New Delhi, May 19: The Indian Air Force is asking its women to help draft rules for social and official etiquette for married couples who are from the service but the husband is not an officer.
The survey is being conducted after a corporal, an airman who married a lady officer, quit the service. All women in the armed forces are officers on short service commission.
Sixteen years after India’s armed forces allowed women into their officer cadre, the military is still trying to marry a tradition — that forbids non-officers from entering officers’ clubs — to the demands of modern-day etiquette.
The latest of the quandaries thrown up concerns a lady officer who married a junior who was a corporal in the Air Force Police. The corporal left the service about nine months ago. An air force source in Delhi said “he may have left for reasons unrelated to his marriage”.
But given the instant reaction of many officers — and not only of those in the air force — it is safe to assume that a military culture and a chain of command system that is rigid will tell on such relationships.

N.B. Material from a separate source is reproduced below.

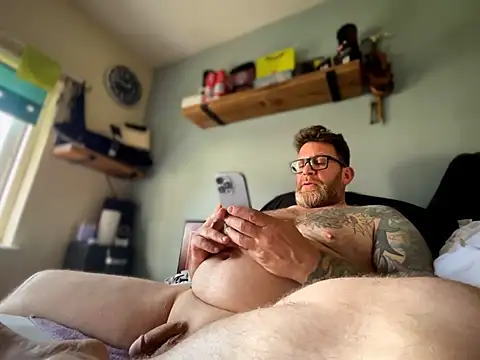 Tattooednakedguy webcam show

“As far as I know the couple are happily married and posted somewhere in the area of responsibility of the South Western Air Command,” said Indian Air Force spokesperson Wing Commander Mahesh Upasani.
He also said the air force had not forbidden the marriage. “We are a forward-looking service and the survey is only an attempt to get a feedback on what the lady officers feel,” he said.
There are nearly 1,000 women in an officer cadre of about 10,000 in the air force. Though instances of air force or army or navy personnel marrying among themselves is plentiful, nearly all of these military couples are from the officer cadre.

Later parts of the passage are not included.